China's financial hub has fallen largely silent after the city imposed harsh curbs to stem the spread of COVID under the country's "zero tolerance" policy, with only healthcare workers, volunteers, delivery personnel or people with special permission allowed on the streets.

Authorities say that has whittled the number of couriers, who must keep the city's 26 million residents supplied, to just 11,000. Still operating but overloaded services include Meituan and Alibaba's Freshippo online grocery platform and its Ele.me service.

Lockdowns for the city's residents east of the Huangpu river began on March 28, while lockdowns for the rest of the city started on April 1. The exercise originally was intended to last five days.

The Shanghai branch of China's Communist Party called on members to "dare show their swords and fight against all kind of behaviour that interferes with and destroys the overall efforts against the pandemic" in an open letter on Wednesday night.

Shanghai has sufficient reserves of staples such as rice and meat, but issues have cropped up in distribution and last-mile deliveries because of epidemic control measures, Shanghai's vice mayor, Chen Tong, said at a news conference on Thursday.

He said the city would try to reopen some wholesale markets and food stores and allow more delivery personnel out of locked-down areas.
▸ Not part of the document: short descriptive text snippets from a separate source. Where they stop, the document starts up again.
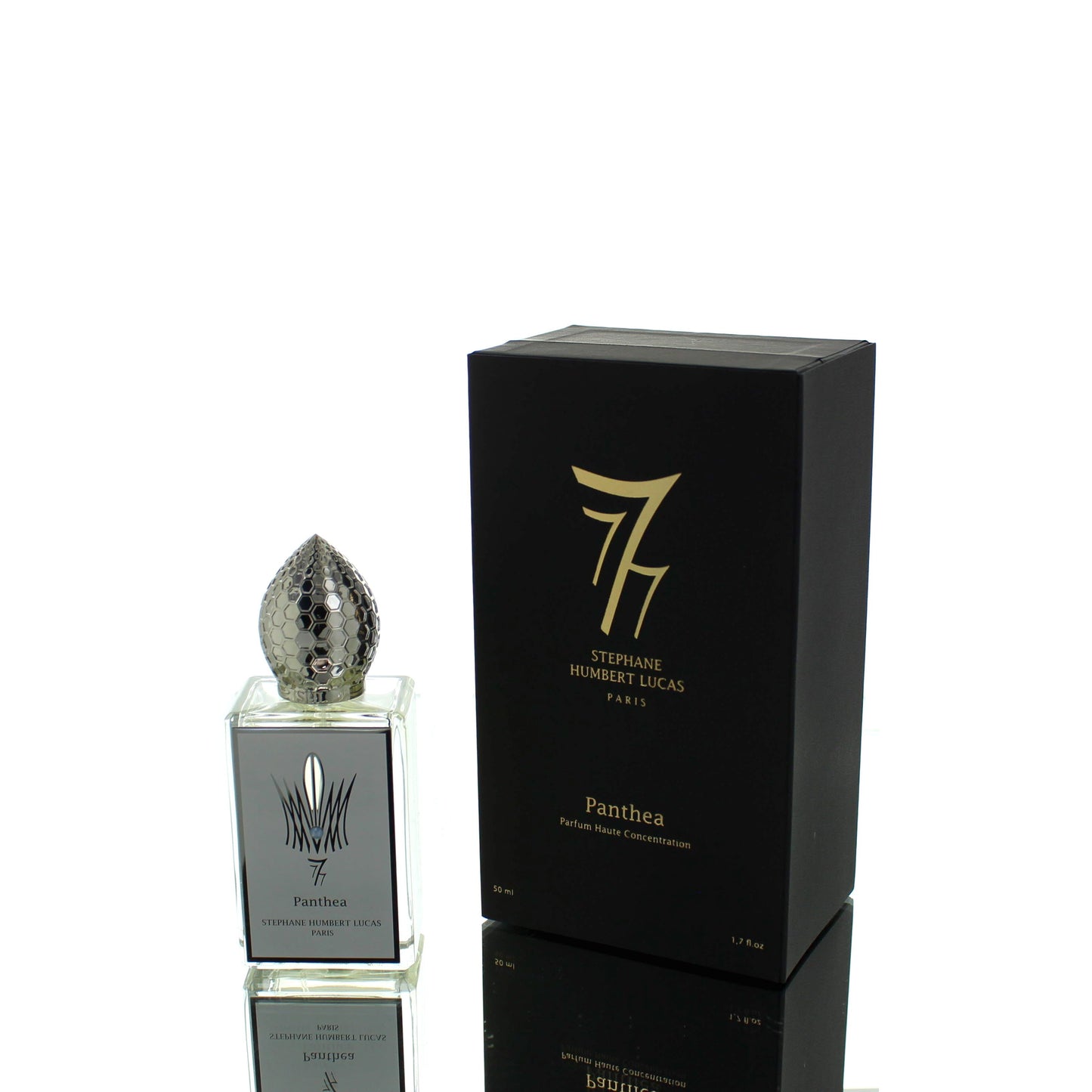 Stephane Humbert Lucas Panthea For Man/Woman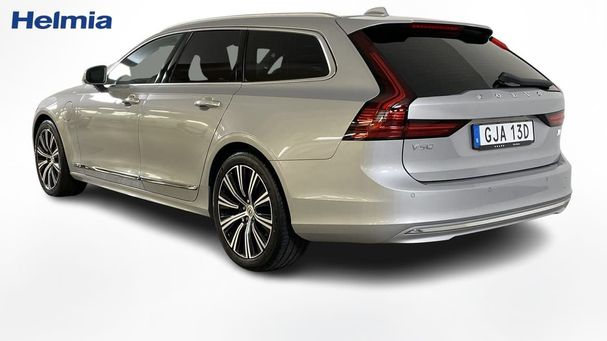 Volvo V90 AWD T6 261 kW image number 4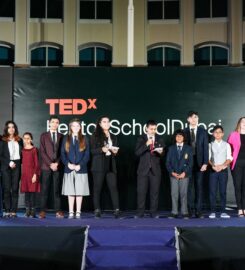 Repton School Dubai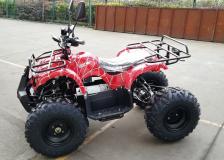 Квадроцикл GreenCamel Атакама T320 (48V 1000W R8 Дифференциал) Квадроцикл GreenCamel Атакама T320 (48V 1000W R8 Дифференциал)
Officials will also crack down on price gouging, he added.

Many residents are beginning to worry about food and drinking water, as well as obtaining products such as infant formula.

ONLINE OUTRAGE

Some have complained on social media about having to wake up at dawn for a chance at booking a grocery delivery, but finding them sold out within seconds. Others have turned to community WeChat groups to try to bulk-buy fruit and vegetables.

Social media users have also widely shared outrage over individual tragedies, including the alleged suicide of woman after being cyberbullied for paying too little to a delivery worker, and a healthcare worker beating to death a corgi dog after its owner allegedly was taken to quarantine.

Shanghai, which has been conducting multiple rounds of testing, reported close to 20,000 new locally transmitted cases for Wednesday, 98% of which it said where asymptomatic.

However, there are signs that transmission is still happening in spite of the lockdowns. Of its 19,660 asymptomatic infections, 633 involved people who were not under quarantine or who faced control measures, the data showed.

China's most-populous city has yet to give an indication of when lockdown measures will be lifted, fuelling uncertainty and prompting European businesses and economists to warn about the mounting toll they are having on its economy and attractiveness as an international financial hub.

The economic impact is not confined to Shanghai, however, with 87 out of China's top 100 cities imposing some level of restrictions on activity and mobility "in hopes of keeping COVID under control and avoiding Shanghai's fate", Gavekal Dragonomics analyst Ernan Cui said in a note on Thursday.

The coronavirus was first identified in the central Chinese city of Wuhan in late 2019.

From Monday, Shanghai will reduce cap loads on international flights by foreign airlines at 40%, down from 75% previously in a bid to reduce imported cases, two sources told Reuters on Thursday.

The city is a hub for the very few international flights still coming into China.

On Thursday, Shanghai's disciplinary body said it had dismissed an official at a Shanghai Airport Group subsidiary as well as the deputy secretary of a district mental health centre over their poor implementation of virus control measures.

Although Shanghai's case numbers remain small by global standards, the city has emerged as a test bed for China's "dynamic clearance" strategy, which seeks to test, trace and centrally quarantine all positive cases and close contacts.

Shanghai has converted dozens of buildings into quarantine facilities that can house tens of thousands of positive cases.